リチャード・フロリダの「クリエイティブ都市論」にも住む場所の重要性について要約すると以下のような主張があります。
トーマス・フリードマンが「世界はフラットになった。どこに住んでいようと、グローバル経済に参加できる」と主張するのに対して「世界はフラットではない。世界は鋭い凹凸があって『スパイキー』だ」
グローバル経済の波とテクノロジーの発展をもってしても、なお「住む場所」が人生、つまりは職業・職業的成功、仕事の人脈、快適な暮らし、伴侶を見つけることに影響を与えている。
たしかにその通りで、人生の中で「自分の住みたい場所」に気がつくことはものすごく価値が高いことだと思っています。
僕自身が、三宿というエリアに住もうと思ったのも、都心に近いのに緑が多く、クリエイティブな人(昼にスーツじゃなくブラブラしている人)が集まる地域だというのが大きかったです。面白い人が集まる美味しいお店が多く、IIDのような地域に開かれているクリエイティブな場所があることも重要なポイントです。渋谷や代官山、恵比寿に近いので、人と会いに行きやすく、人的ネットワーキングが構築するのに便利だということもありました。
以前、「どの時代にも才能が集まる場所がある。重要なのは無名でも刺激しあえる仲間を見つけること」というエントリーを書きました。この観点で東京はまだ魅力的な場所だと思っています。(僕の感覚では「東京」という括りは、当事者感を持つには広すぎるのですが…)
■「地方自治」も個人が「当事者」として関わる時代
さて、ここまで「住む場所」の重要性について書いてきましたが、もう一つ「自分が好きな場所に住む意義」があると思います。それは、自分が住んでいるエリアに対しての「当事者」になれるということ。従来、そのエリアに住んでいる人は行政サービスに対しての受益者という側面しかもっていませんでした。しかし、自分が好きな場所であれば、行政サービスや地方自治の主体者として自分の能力を提供したいと自然と思ってきます。TechWaveの『「これからの地方自治は明るい」と断言できる根拠』というエントリーも同じ流れを紹介しています。

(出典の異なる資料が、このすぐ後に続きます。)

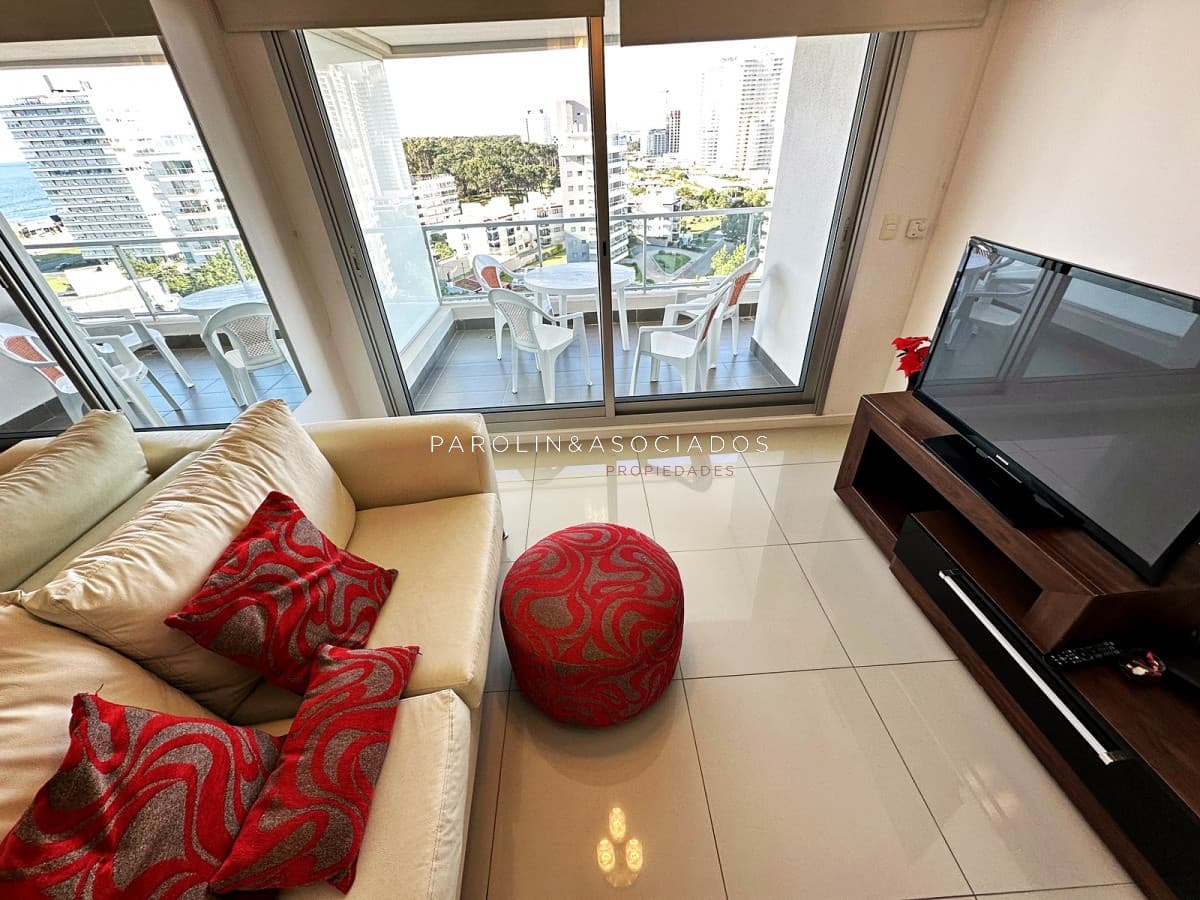 Apartamento en venta de 2 dormitorios en Wind Tower, Punta del Este.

自分が好きな場所をより素晴らしい場所にするために、手を差し伸べるのは「自分ごと」だからでしょう。地域に根ざした企業や、地域でビジネスを行っている商店も、「自分ごと」として活動を行うでしょう。
だからこそ、住む場所(都市)の力はフラットではなく、スパンキーになるのだと思います。「自分ごと」と思える人や企業が多く集まるエリアは、どんどん魅力的な場所になっていきブランドを確立していきます。一方で、そう思えない地域は、地方自治は国に依存しながらやっていくことが続くでしょう。
追記:ポートランドでの事例がイメージわきやすいかもしれません。すでに講義は終わっているみたいですが、以下引用です。
アメリカで29番目の人口都市であるにも関わらず、NIKEやワイデン+ケネディを始めとした世界に誇れる企業やカルチャーが生まれ続けているインディペンデントなクリエイティブ都市ポートランド。美味しいコーヒーショップがなければ自分たちでローストして創ればいい、カッコイイ自転車がなければ自分たちでセルフビルドして創ればいい、といつもクリエイティブなDIY精神で、大都市経済に流されず自立した存在感が凛々しい都市ポートランドに、クリエイティブクラスのヒントを学びます。
今後、スコットランド、シドニー、香港編もあるみたいだから参加してみようかなぁ。クリエイティブ都市に複数拠点を持つのが、自分への最高の投資なんだろうなぁ。